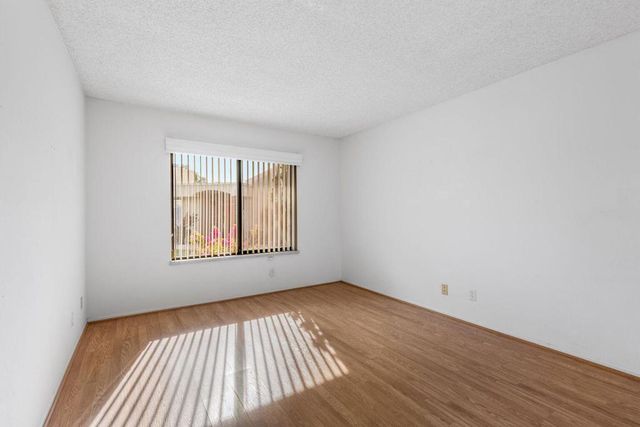 35801 Paseo Circulo W, Cathedral City, CA 92234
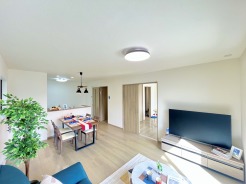 E号棟 リビングは家具の配置も思いのまま。自由度が高い設計です。
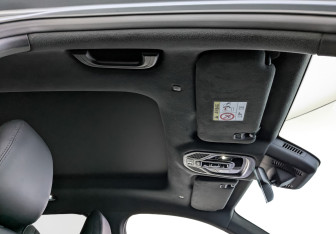 Подержанный автомобиль Geely Monjaro 2024 года (23 фото)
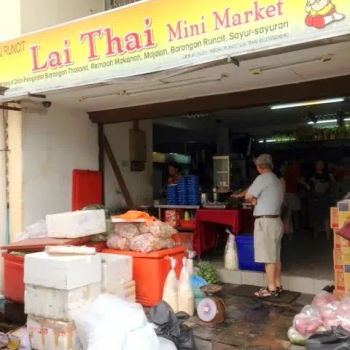 Lai Thai mini market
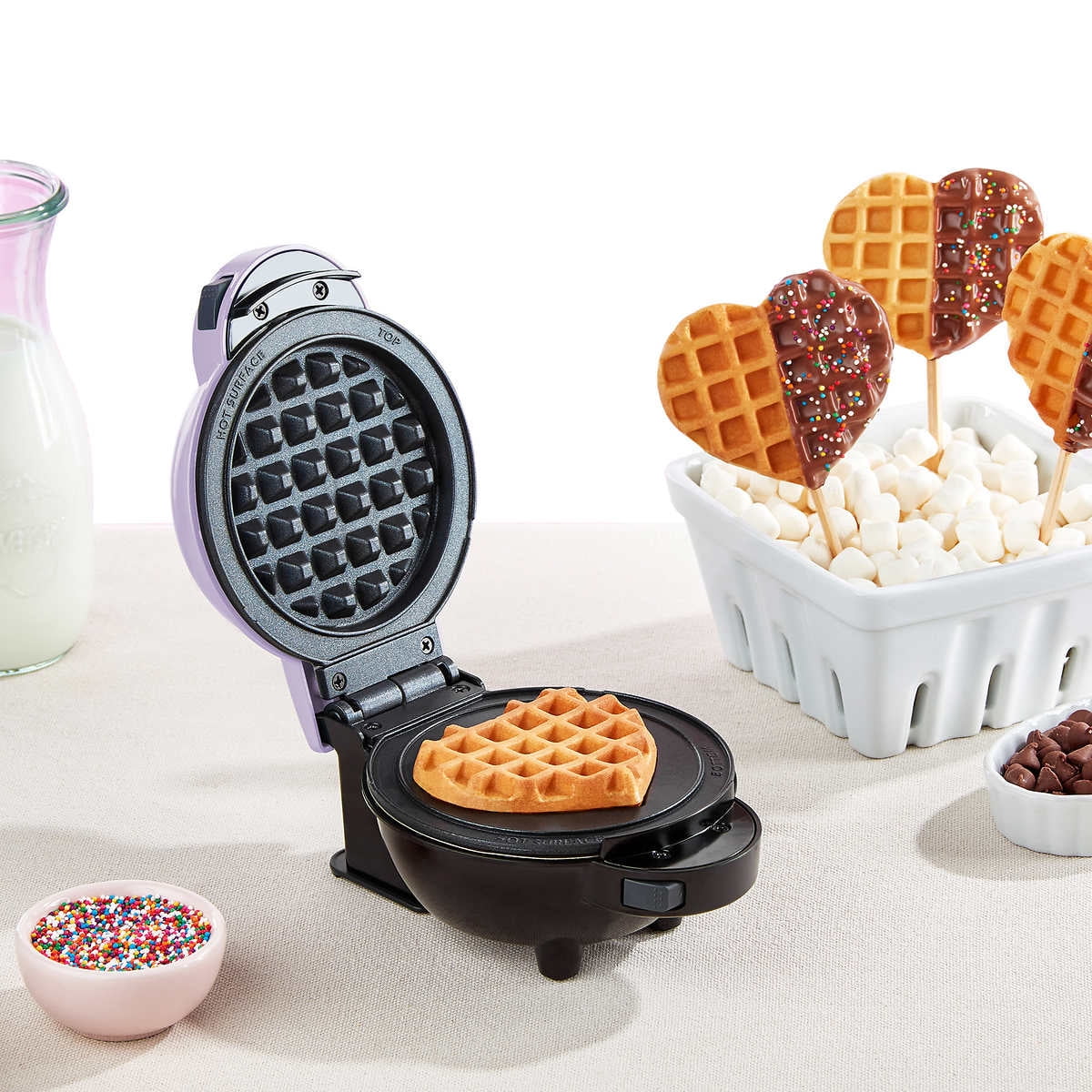 Mini Waffle Maker with Removable Plates H718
####################
When you reach a picture, pass over it; write out all other material exactly.

**REPLY:**
 35801 Paseo Circulo W, Cathedral City, CA 92234
 E号棟 リビングは家具の配置も思いのまま。自由度が高い設計です。
 Подержанный автомобиль Geely Monjaro 2024 года (23 фото)
 Lai Thai mini market
 Mini Waffle Maker with Removable Plates H718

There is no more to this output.